Faktor sosial dan budaya dalam kepribadian manusia dapat digali dari ketidaksadaran kolektif (collective unconsciousness) dalam kepribadian manusia yang menampung bekas-bekas ingatan laten warisan masa lampau leluhurnya (Jung, 1953). Di sana dapat ditemukan arkhetipe, ide-ide yang diturunkan oleh nenek-moyang manusia yang sangat penting dan besar pengaruhnya terutama terhadap perkembangan sejarah manusia. Arkhetipe menjadi aktif dengan dipicu oleh peristiwa-peristiwa yang secara emosional membangkitkan ingatan akan ide-ide yang dikandungnya. Secara umum, ada arkhetipe yang mendukung nilai-nilai sosial seperti ide tentang kepahlawanan, kerja sama, kebijaksanaan, peduli pada orang lain dan sejenisnya. Ada juga arkhetipe yang bertentangan dengan nilai-nilai sosial seperti penyelesaian masalah dengan agresi, perasaan terancam, mementingkan diri sendiri, menjajah, menindas dan sebagainya.

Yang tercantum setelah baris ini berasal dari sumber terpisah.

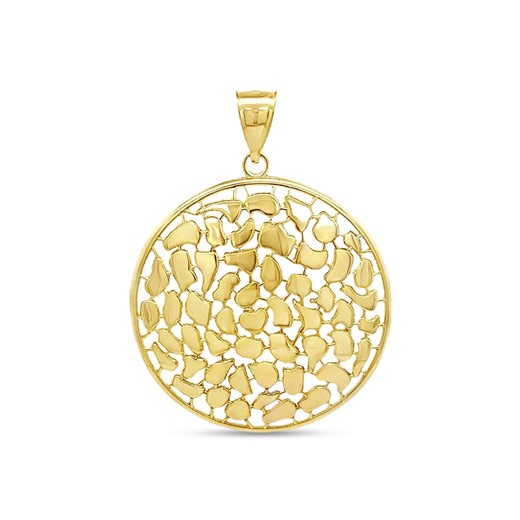 14k Solid Gold Cheetah Pendant. - Etsy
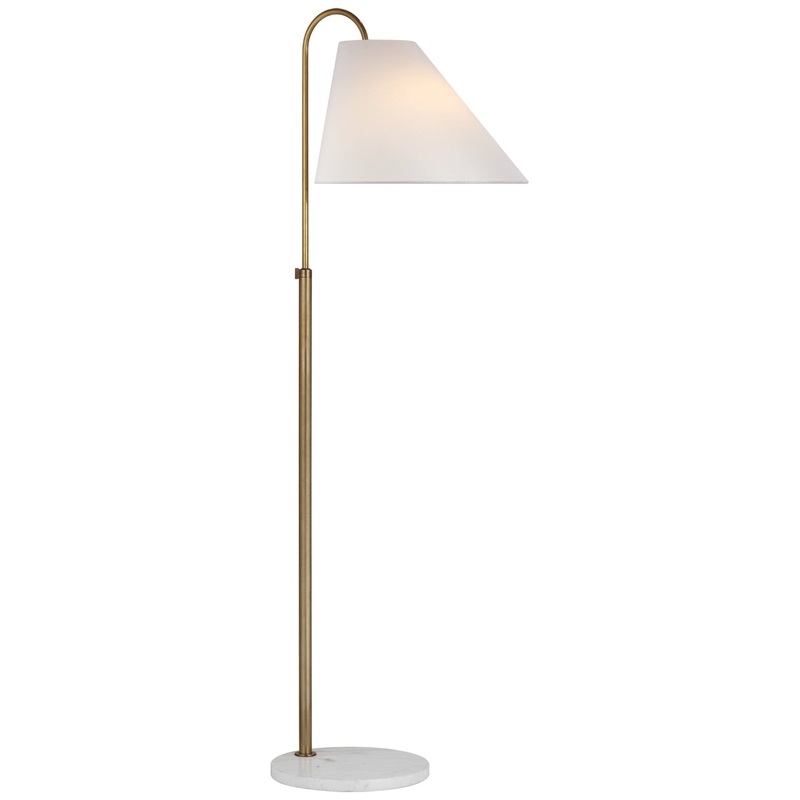 LED Floor Lamp from the Kinsley Collection in Soft Brass Finish by Visual Comfort Signature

Sejarah Indonesia menunjukkan lebih banyak penguatan untuk arkhetipe yang bertentangan dengan nilai-nilai sosial. Sejak jaman pra-kolonial hingga awal abad ke-21, kekerasan banyak digunakan dalam penyelesaian masalah (Nordholt, 2002). Dari sejarah juga dapat diketahui bahwa sejak jaman pra-kolonial masyarakat Indonesia lebih banyak hidup dalam kekangan penguasa politik, tidak bebas menentukan diri sendiri, hidup di bawah kekuasan raja-raja, dijajah pemerintah kolonial, gejolak politik masa Orde Lama dan menjalani represi di masa Orde Baru. Indikasi yang kuat menunjukkan bahwa berbagai warisan instingtif kebinatangan dari leluhur manusia Indonesia juga sangat mungkin menjadi rujukan. Ini dapat dilacak pada berbagai penggunaan lambang binatang untuk menunjuk orang-orang yang dianggap tangguh, misalnya harimau, ular, buaya dan banteng. Berbagai pertikaian, kerusuhan, tindakan balas dendam, dan pertentangan antara golongan yang disertai bentrokan fisik yang memakan ribuan nyawa merupakan bentuk-bentuk perilaku impulsif dan irasional. Irasionalitas tampak jelas pada kecenderungan yang tinggi untuk percaya pada hal-hal yang gaib, bertebarannya ramalan-ramalan mitis, larisnya paranormal dan dukun, merebaknya media massa cetak yang bertopik mistik dan supranatural, terbitnya banyak buku kebatinan serta bermunculannya aliran-aliran spiritual dengan jumlah pengikut yang besar. Kondisi itu dapat dipahami sebagai upaya menyalurkan berbagai dorongan yang terepresi merujuk pada berbagai arkhetip yang bernilai anti-sosial.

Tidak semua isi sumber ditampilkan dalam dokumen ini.